With less than a week to go until the end of September and the beginning of the fourth quarter, it looks as if the stage is set for a painful decline for the rest of 2023.
The S&P is down around 4% so far this month, and has lost 6.5%, or 300 points, since it poked its head above 4,600 at the end of July. This high also marked the S&P's best level since March 2022.
It does feel as if the bullish momentum is waning, and this appears to be borne out by a quick glance at the standard MACD. Just looking at the chart, the area around 4,300 could offer mild support, having acted as resistance in early June, and more significantly, in August last year. We'll see.
If we don't get a significant break of support, it could be that the blood-letting over the last two months may be all we get. That pull-back may have taken sufficient froth off the top of the market for the bulls to step in once again, and look to challenge the record high just above 4,800 from January 2022.
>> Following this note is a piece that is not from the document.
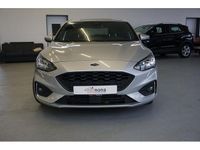 Gebraucht Ford Focus ST-Line 120 PS (88 kW) 2020 Silber Limousine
The consensus view after last week's FOMC meeting is that we've got a 'hawkish' Federal Reserve, ready to hike rates further to stifle inflation. The accompanying surge in US Treasury yields should be enough to persuade stock market bulls to run for the hills.
Or should it?
With the FOMC's inflation and economic growth forecasts higher than they were in June, and with the Unemployment Rate still holding near historic lows, surely the Fed should have hiked last week rather than pausing? Perhaps they're not so hawkish after all. And those Treasury yields are looking quite attractive now.
Overall, the market is at a critical juncture. It's quite possible that the next few days could help settle market direction for the rest of the year.